# Operator Alerting

Operator alerting is the customer-visible incident layer for webhook delivery, quota, DLQ, and drain health. Use it when you need durable issue state and routed notifications instead of raw event firehoses.

**Available through**

Operator alerting is available in the dashboard and on public project-authenticated routes for admin keys.
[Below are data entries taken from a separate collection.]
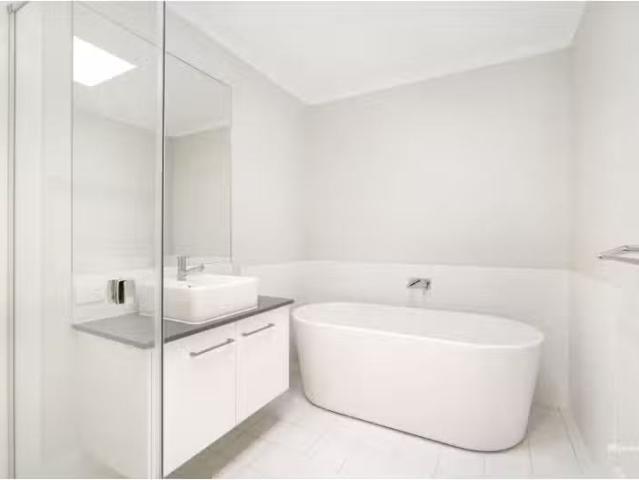 Nice 50 Gugara Street, CALDERWOOD House for rent Listed by Ka.
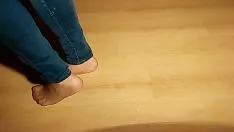 Oynat Külotlu çoraplı muhteşem ergen ayakları 5 @yt @goodness feet #phmcams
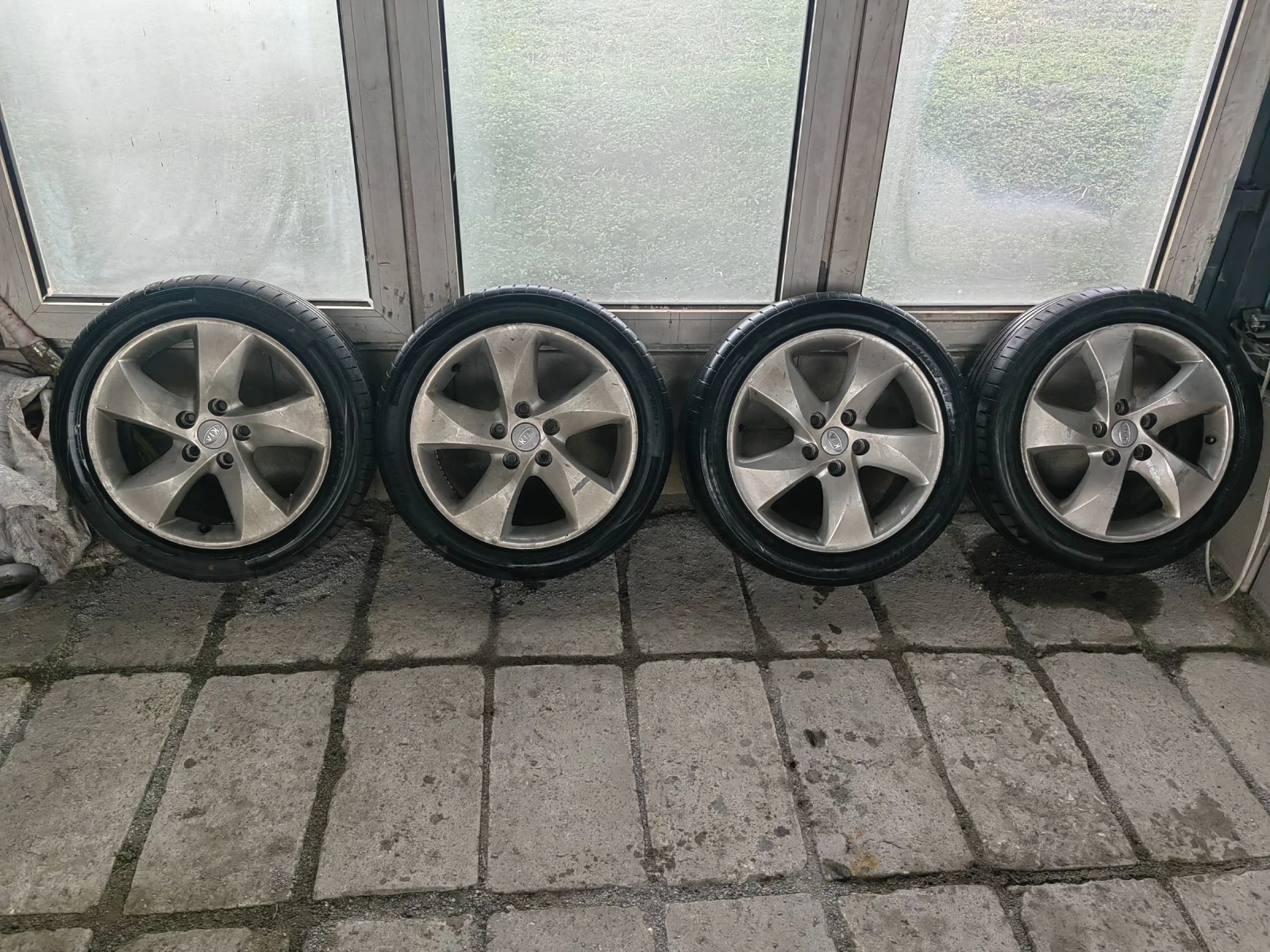 ���� � ������ 225/45R17 �� Kia Carens | Mobile.bg � ����������� 1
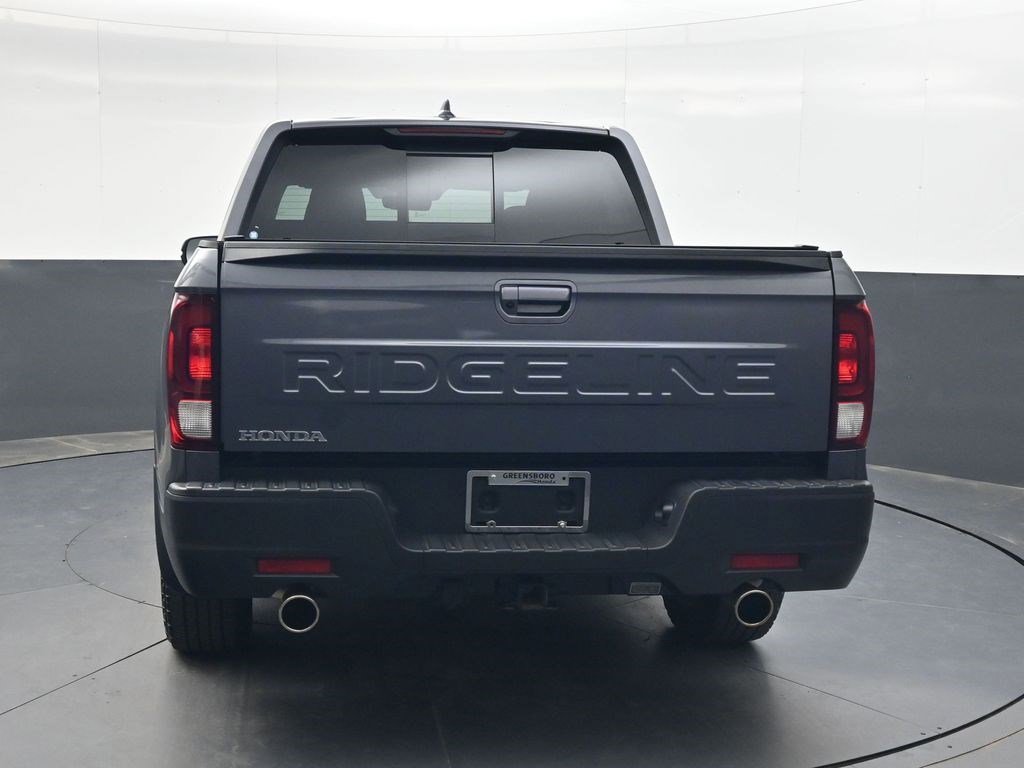 Certified Used 2024 Modern Steel Metallic Honda RTL image 5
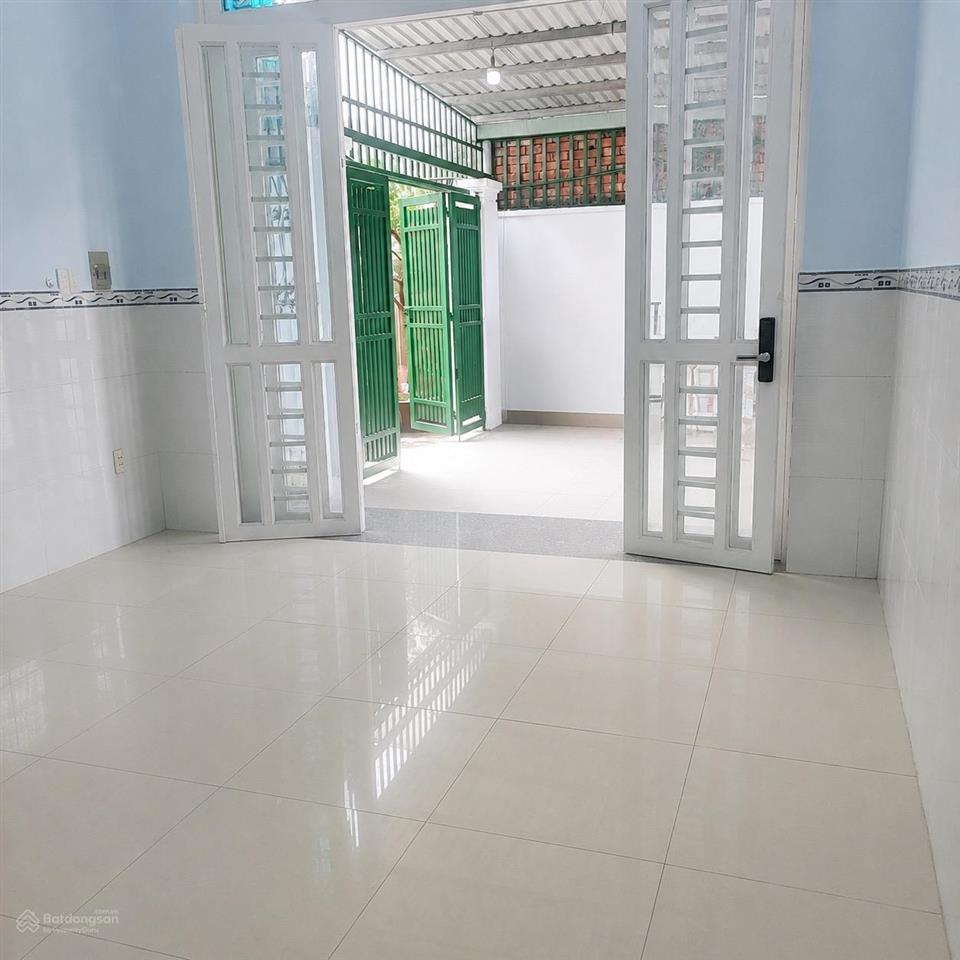 4.9 tỷ  nhà 57m2, 2 tầng  ngay lã xuân oai đang mở rộng 30m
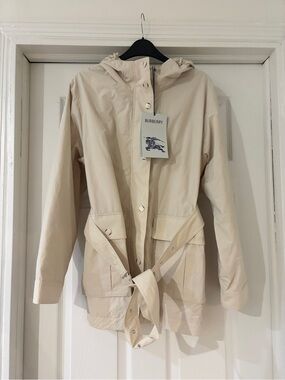 Burberry Light Cream Hooded Trench Jacket us8 new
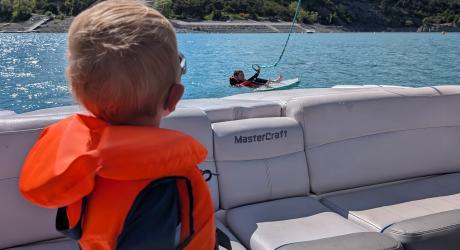 Wakesurf au lac de Serre Ponçon plage de Bois Vieux avec Naturoll Serre Ponçon. 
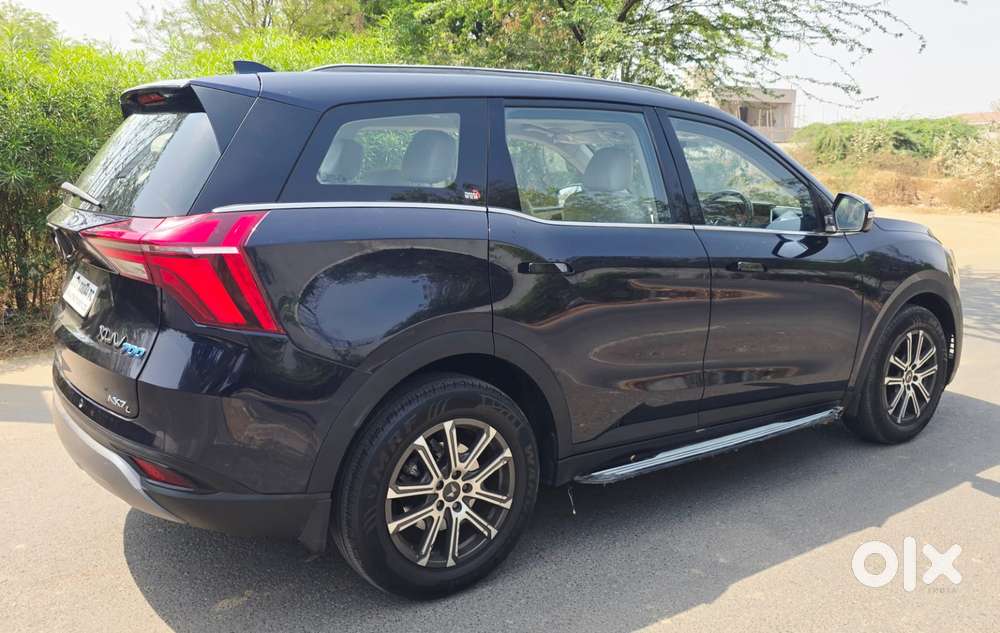 Mahindra Xuv700 2.0 Ax 7 Petrol At Luxury Pack Str, 2024, Petrol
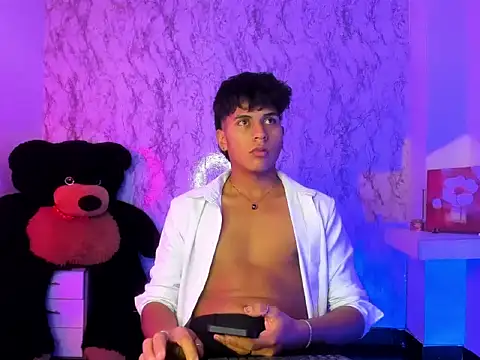 Snapshot of Valentino_Lane chatting on February 2026 06:00:02 AM Valentino Lane online show from February 2026 06:00:02 AM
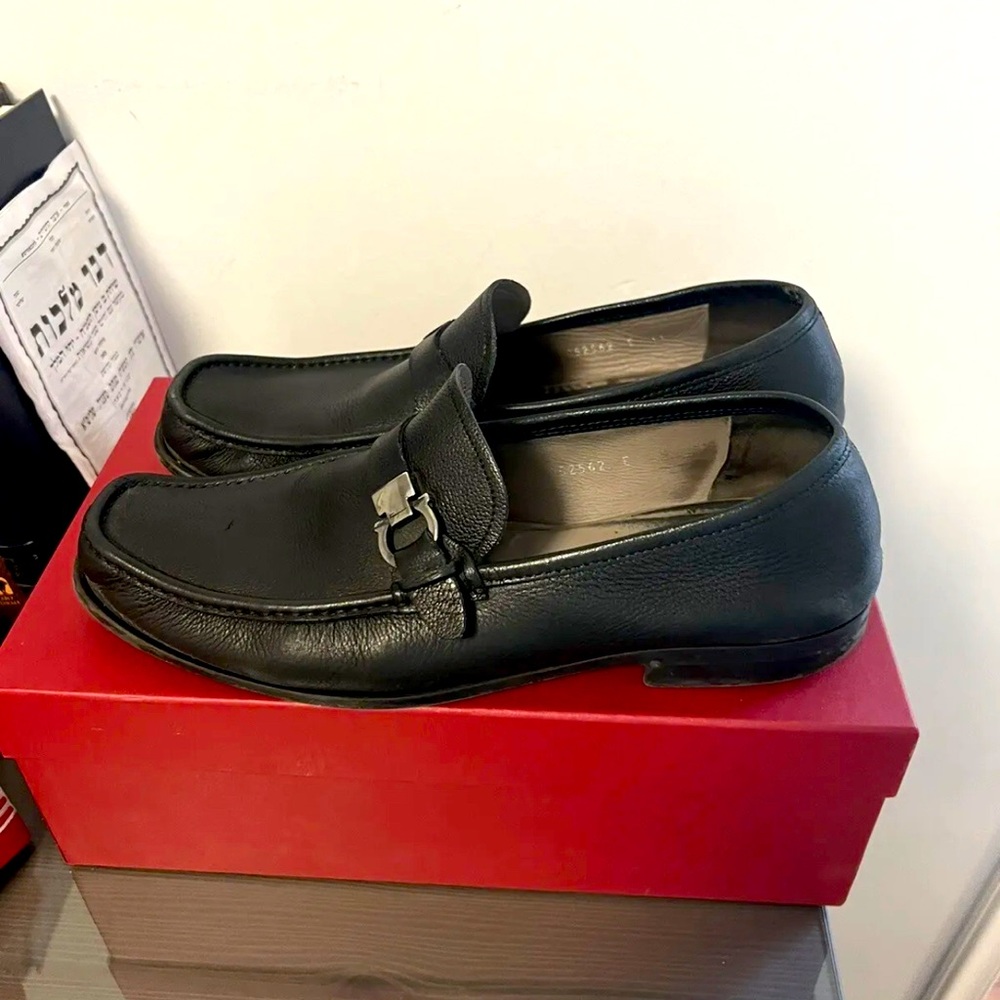 Men's SALVATORE FERRAGAMO 'Bravo' Black Leather Loafers Size US 11 E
| Surface | Status | Notes |
| --- | --- | --- |
| [Dashboard](/docs/dashboard.md) | Preferred | Use the UI to configure channels, review incidents, and investigate dispatch history. |
| [Public API](/docs/api-reference.md#operator-alerting) | Available | Use admin project API keys for operator webhooks, channels, rules, incidents, and failure clusters. |
| [Raw HTTP](/docs/operator-alerting.md#api-examples) | Raw HTTP | The route family is public, but not yet wrapped by first-party clients. |
| [CLI](/docs/cli.md) | Not wrapped | The CLI does not expose operator alerting commands yet. |

## Alerting model

This surface is Pro+ and project-scoped.

The model has four main objects:

- operator webhooks for webhook-backed alert delivery
- alert channels for project-owned routing targets, including email channels
- fixed alert rules that bind incident families to channels
- incidents and dispatch history

Issue families include delivery failures, backlog growth, quota pressure, secret lifecycle events, DLQ accumulation, and drain degradation.

## Auth model

- **Public API** `admin project API key`: Operator notification routes live under `/v1/project/...` and require the admin role, not a write key.
- **Dashboard** `session auth`: The [dashboard](/docs/dashboard.md) provides the same controls — channels, rules, and incidents — as a UI for project members.
- **SDK / CLI**: The first-party SDK and CLI do not currently wrap operator alerting. Use raw HTTP.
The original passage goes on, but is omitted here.